Link to the previous post: https://statinfer.com/204-3-9-the-problem-of-overfitting-the-decision-tree
Pruning
- Growing the tree beyond a certain level of complexity leads to overfitting.
- In our data, age doesn’t have any impact on the target variable.
- Growing the tree beyond Gender is not going to add any value. Need to cut it at Gender.
- This process of trimming trees is called Pruning.
Pruning to Avoid Overfitting
- Pruning helps us to avoid overfitting
- Generally it is preferred to have a simple model, it avoids overfitting issue
- Any additional split that does not add significant value is not worth while.

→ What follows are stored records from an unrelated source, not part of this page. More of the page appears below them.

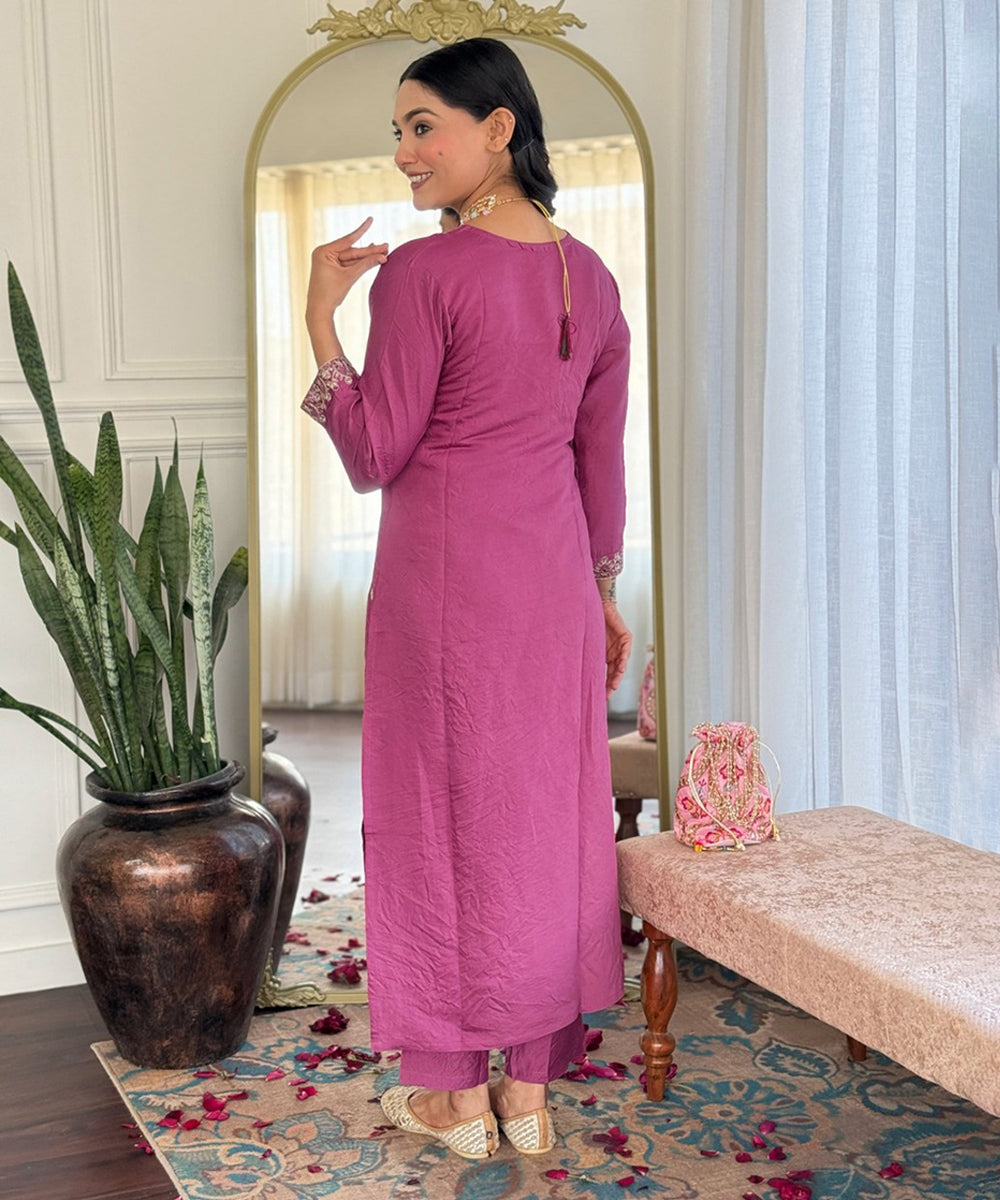 Kurta Set Onion Pink Chanderi Embroidered with Pant and Dupatta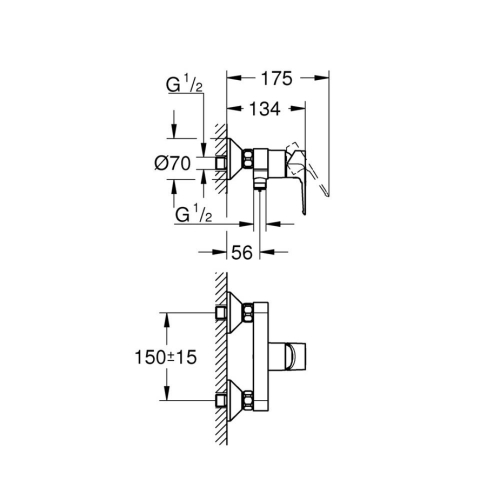 Смеситель для душа GROHE Start Loop, хром (23354001) фото 4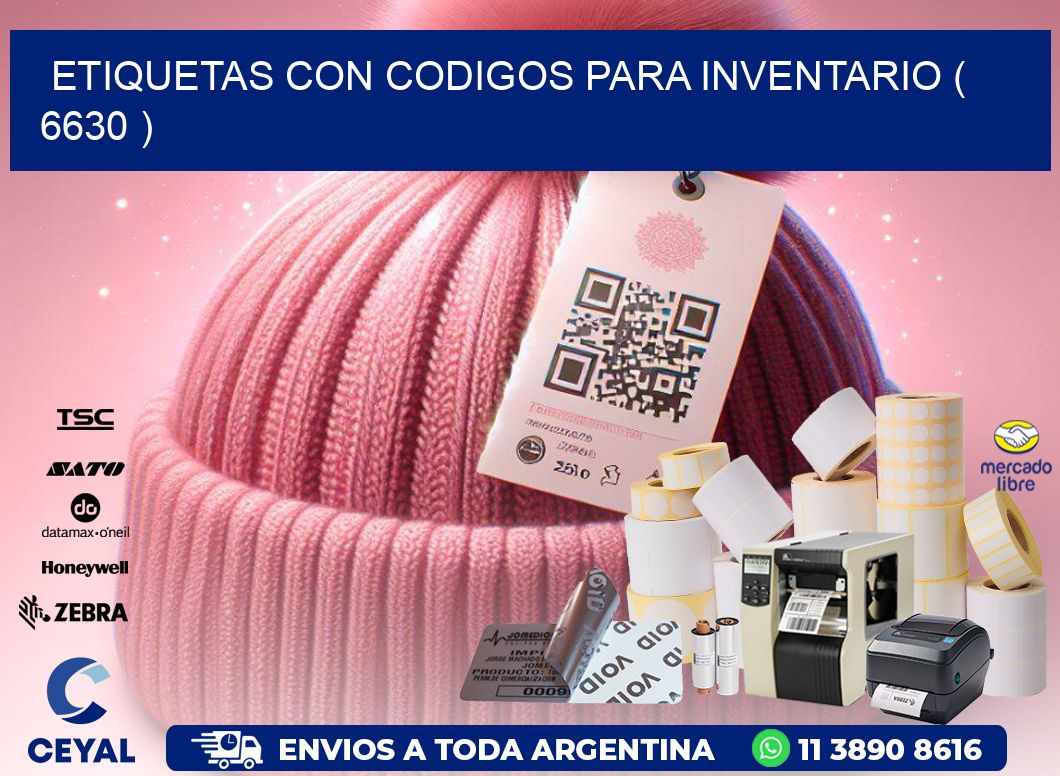 ETIQUETAS CON CODIGOS PARA INVENTARIO ( 6630 )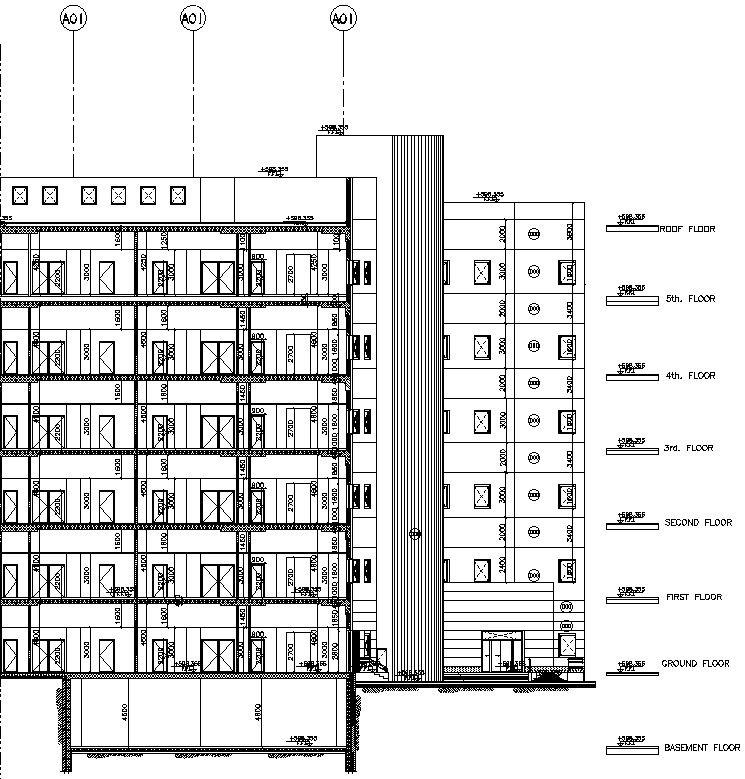 structure layout of building Autocad file , cad drawing , dwg format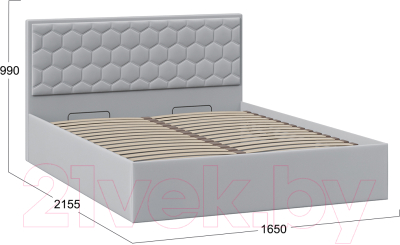 Двуспальная кровать ТриЯ Порто универсальная с ПМ и заглушиной 160x200 (велюр Confetti Silver)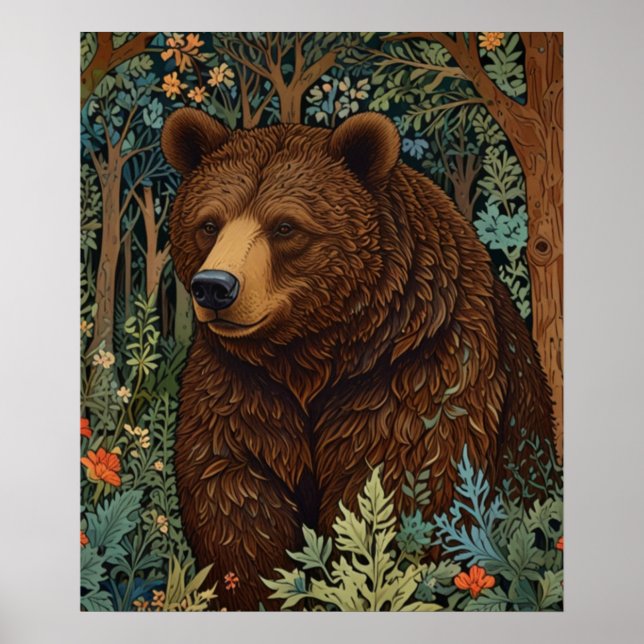 Poster Arte retrô de urso marrom boho floresta (Frente)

- We can avoid overfitting by changing the parameters like
- max_leaf_nodes
- min_samples_leaf
- max_depth
- Pruning Parameters
- max_leaf_nodes
- Reduce the number of leaf nodes
- min_samples_leaf
- Restrict the size of sample leaf
- Minimum sample size in terminal nodes can be fixed to 30, 100, 300 or 5% of total
- max_depth
- Reduce the depth of the tree to build a generalized tree
- Set the depth of the tree to 3, 5, 10 depending after verification on test data
- max_leaf_nodes
Code-Tree Pruning
#We will rebuild a new tree by using above data and see how it works by tweeking the parameteres
dtree = tree.DecisionTreeClassifier(criterion = "gini", splitter = 'random', max_leaf_nodes = 10, min_samples_leaf = 5, max_depth= 5)
dtree.fit(X_train,y_train)
predict3 = dtree.predict(X_train)
print(predict3)
predict4 = dtree.predict(X_test)
print(predict4)
#Accuracy of the model that we created with modified model parameters.
score2 = dtree.score(X_test, y_test)
score2
The next post is a practice session on tree building model selection.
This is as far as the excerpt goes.